## REQUIRED WORK
From the records below, transcribe only the lines running from the one with "Shiretoko, Hokkaido / 北海道、知床" through the one with "股票线上配资平台 专业投顾公司：您的财富增长伙伴，值得信赖的选择！". Keep both of those end lines.

STORED DATA START

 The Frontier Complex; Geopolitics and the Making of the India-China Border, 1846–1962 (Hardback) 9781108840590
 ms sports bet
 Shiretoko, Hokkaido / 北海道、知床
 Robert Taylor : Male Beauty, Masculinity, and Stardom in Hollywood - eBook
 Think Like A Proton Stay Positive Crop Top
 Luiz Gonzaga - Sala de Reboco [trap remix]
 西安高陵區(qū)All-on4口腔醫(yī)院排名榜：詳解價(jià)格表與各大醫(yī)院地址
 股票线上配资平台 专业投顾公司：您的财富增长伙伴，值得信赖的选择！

STORED DATA END
STORED DATA START

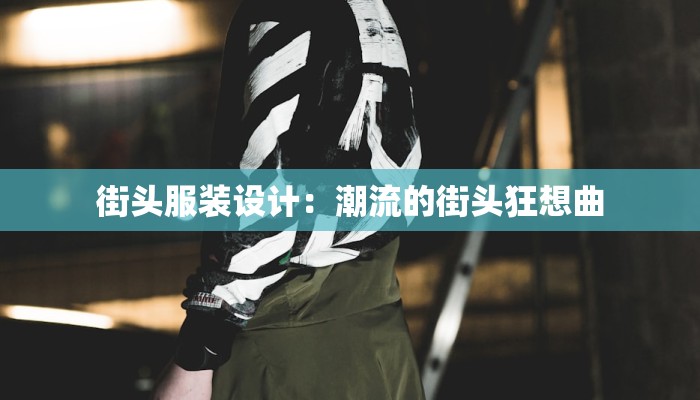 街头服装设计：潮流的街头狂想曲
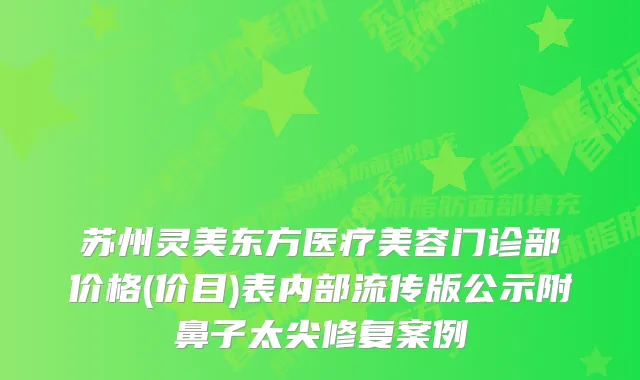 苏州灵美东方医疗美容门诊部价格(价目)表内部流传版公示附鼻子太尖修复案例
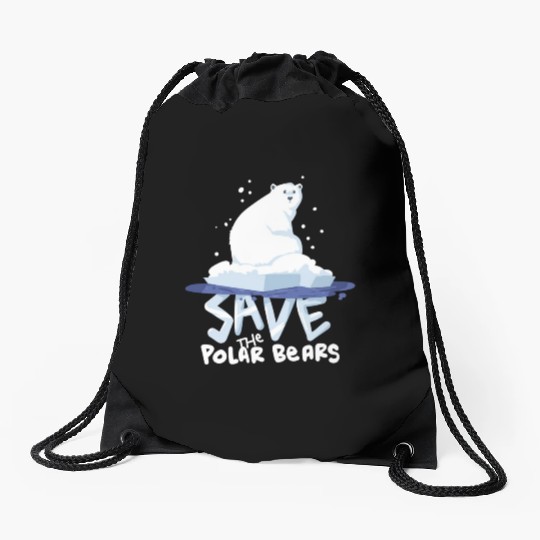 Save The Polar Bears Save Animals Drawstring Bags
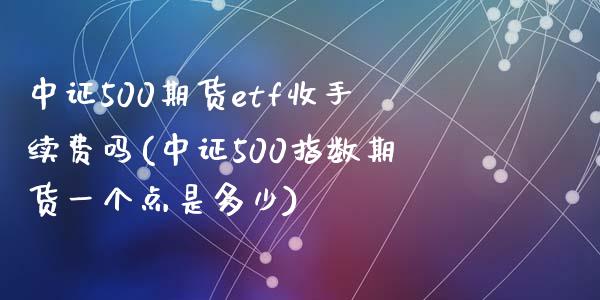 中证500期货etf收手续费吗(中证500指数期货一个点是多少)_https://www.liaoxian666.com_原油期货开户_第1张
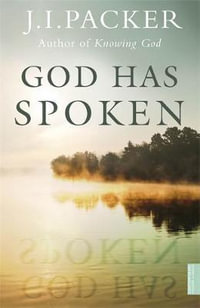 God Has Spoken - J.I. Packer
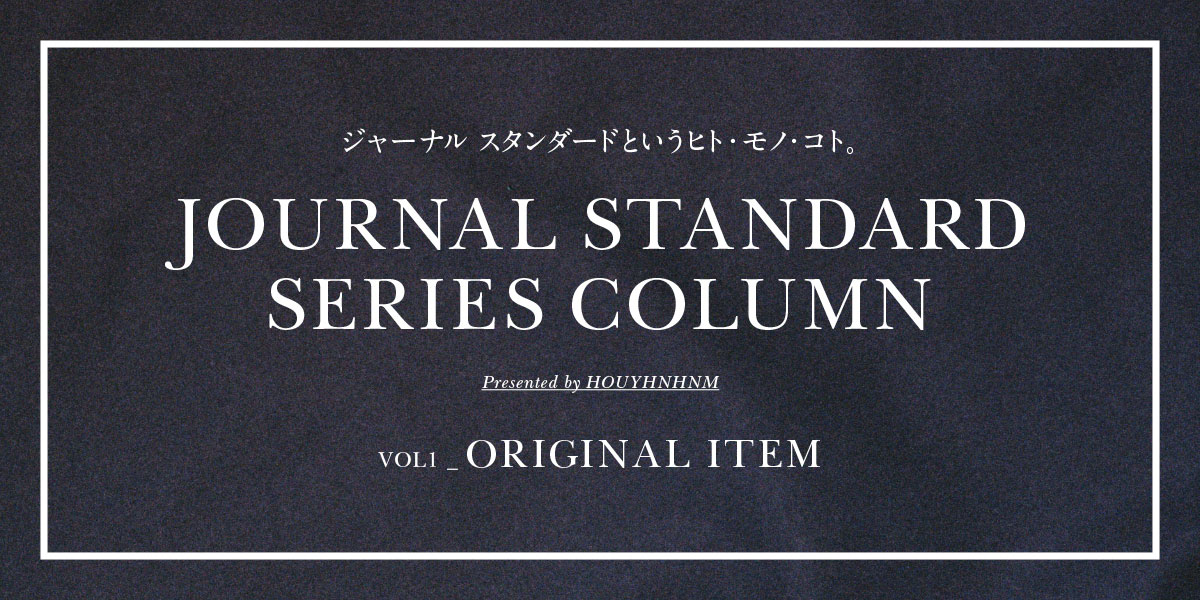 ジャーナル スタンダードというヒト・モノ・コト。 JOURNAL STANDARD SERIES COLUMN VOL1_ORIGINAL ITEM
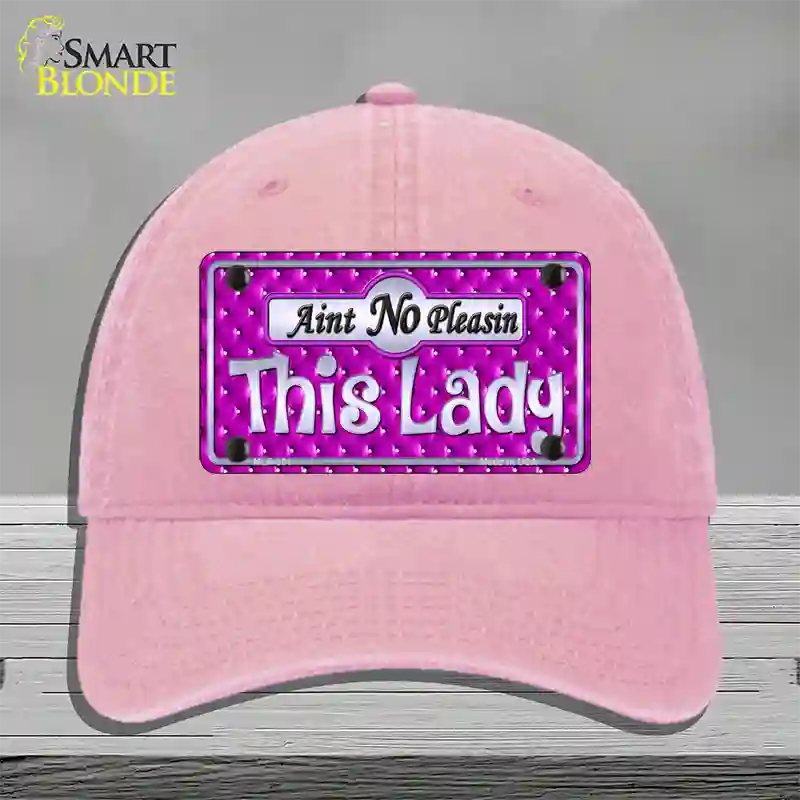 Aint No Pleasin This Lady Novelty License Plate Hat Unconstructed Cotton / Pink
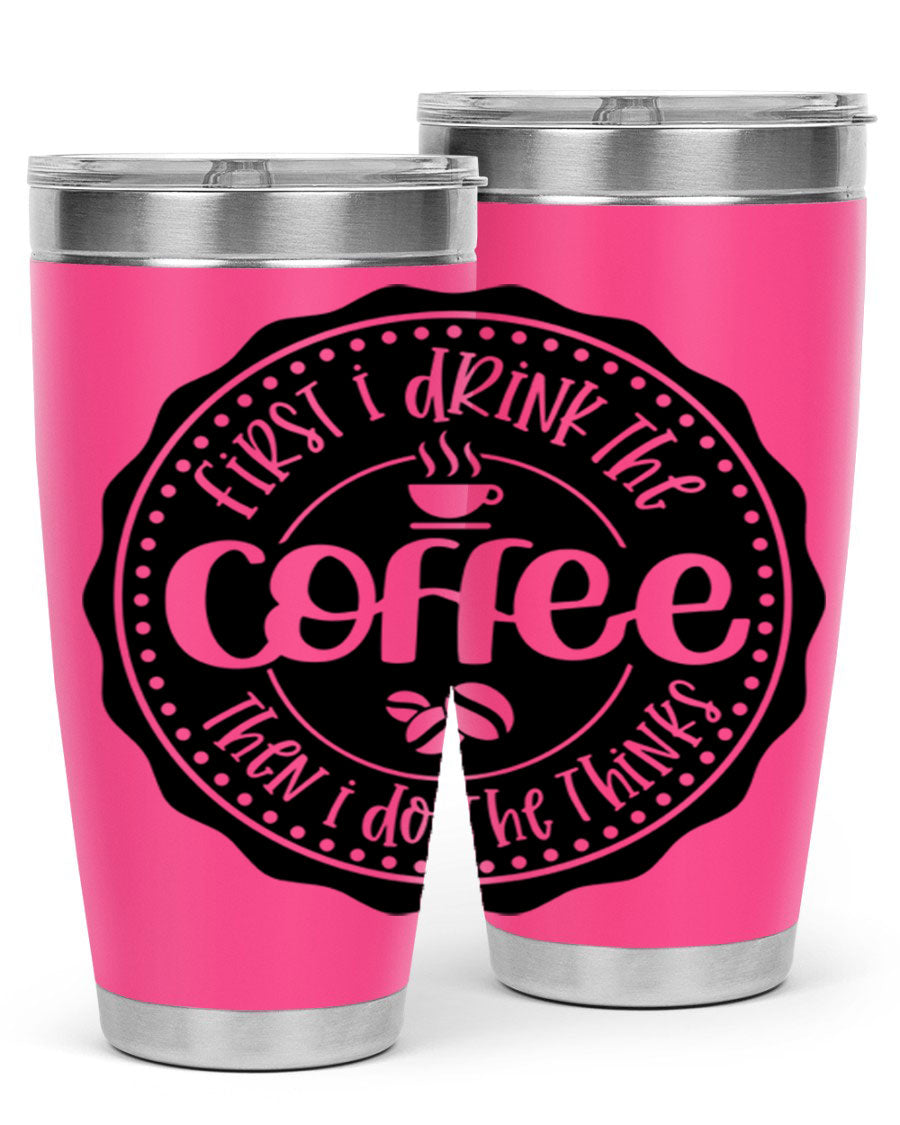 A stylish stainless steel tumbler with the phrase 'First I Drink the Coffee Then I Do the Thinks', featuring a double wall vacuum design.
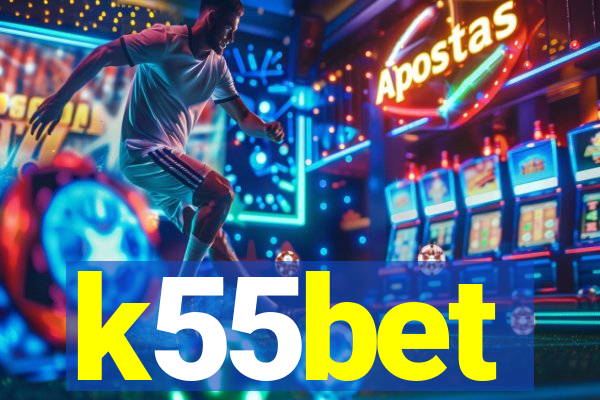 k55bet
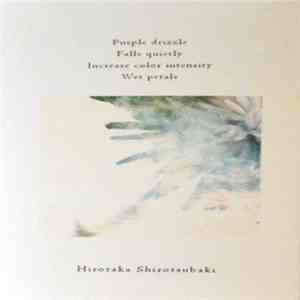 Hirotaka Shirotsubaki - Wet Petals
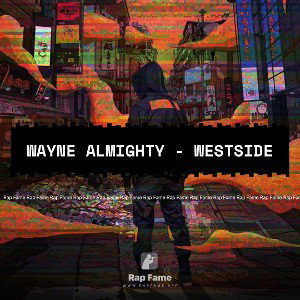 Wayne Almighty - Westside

STORED DATA END

## OUTPUT OF THE TASK
 Shiretoko, Hokkaido / 北海道、知床
 Robert Taylor : Male Beauty, Masculinity, and Stardom in Hollywood - eBook
 Think Like A Proton Stay Positive Crop Top
 Luiz Gonzaga - Sala de Reboco [trap remix]
 西安高陵區(qū)All-on4口腔醫(yī)院排名榜：詳解價(jià)格表與各大醫(yī)院地址
 股票线上配资平台 专业投顾公司：您的财富增长伙伴，值得信赖的选择！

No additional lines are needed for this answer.